An overlooked benefit of rising food prices is that, after many lean years, farmers are starting to enjoy better incomes. Still, their margins are being squeezed because of higher input costs – fertilizer, energy and new equipment – as well as currency swings. At present some banks predict that the Canadian dollar could fall as low as US$0.90, which would benefit exporters since proceeds from U.S.-dollar denominated contracts would increase. Domestically, their products would be more competitive since the price of imports would rise. Now considered a petro-currency, the Canadian dollar will rise and fall with the price of crude.

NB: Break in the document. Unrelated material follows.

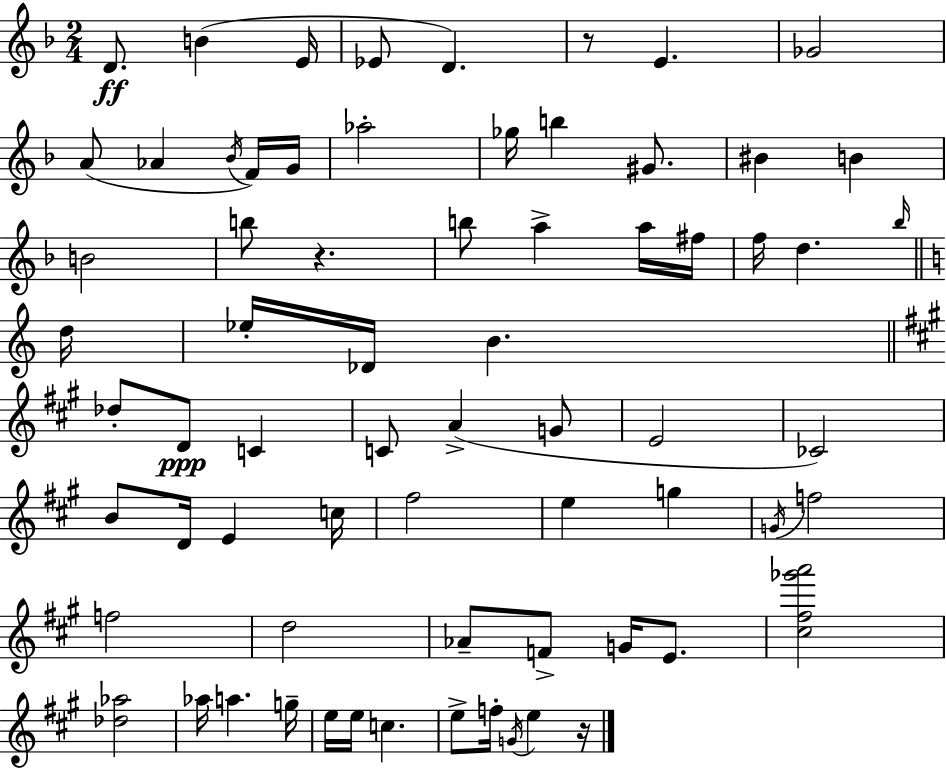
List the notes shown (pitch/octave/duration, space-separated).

D4/e. B4/q E4/s Eb4/e D4/q. R/e E4/q. Gb4/h A4/e Ab4/q Bb4/s F4/s G4/s Ab5/h Gb5/s B5/q G#4/e. BIS4/q B4/q B4/h B5/e R/q. B5/e A5/q A5/s F#5/s F5/s D5/q. Bb5/s D5/s Eb5/s Db4/s B4/q. Db5/e D4/e C4/q C4/e A4/q G4/e E4/h CES4/h B4/e D4/s E4/q C5/s F#5/h E5/q G5/q G4/s F5/h F5/h D5/h Ab4/e F4/e G4/s E4/e. [C#5,F#5,Gb6,A6]/h [Db5,Ab5]/h Ab5/s A5/q. G5/s E5/s E5/s C5/q. E5/e F5/s G4/s E5/q R/s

Over the long-term – 10 to 15 years – the increasing value of agricultural assets will increase supply and ultimately help moderate future price rises. The first step involves attracting greater investment, which in turn will lead to more research and development to create higher productivity, better quality and healthier products such as organic foods. That translates into greater supply since farmers will boost acreage, and when combined with improved yields will deliver higher production.
On the business side, food-sector consolidation may start to accelerate. Belgian brewer InBev SA’s recent acquisition of Anheuser Busch is a sign that global ambitions in the beverage industry are hurtling forward. In Canada, beer stalwarts such as Labatt Breweries, Molson and even Sleeman Brewery Ltd., are now owned by foreign companies. Such empire building is starting to emerge in other segments as well. A recent Wall Street Journal article cites the example of Brazilian meat packer JBS SA, which, despite falling worldwide beef prices, has been buying up competitors in Italy, the U.S. and Australia. By picking up out-of-favour meat producers at bargain prices, JBS hopes to cash in on the eventual price increase from higher demand in Eastern Europe, Russia, India and China. That strategy may affect Canadian exporters since JBS will become the largest meatpacker in the U.S., controlling about 30 per cent of the market if the U.S. Justice Department approves its plans to purchase National Meatpacking and Smithfield Beef. Skeptics, however, wonder if JBS has deep enough pockets to survive until meat prices turn around.
Similarly, the New York Times recently profiled U.K.-based Emergent Asset Management and its plans to raise US$450 million to US$750 million to invest in farmland in sub-Saharan Africa. There it will consolidate small plots into more productive holdings and introduce better equipment to farm jatropha. Investors believe that jatropha, an oil-seed plant used for biofuels, offers a huge potential as both a cash crop and a source of farm-operations fuel since it grows in sandy soil unsuitable for food production.
Innovation and imagination may yet solve the problem of supply and demand.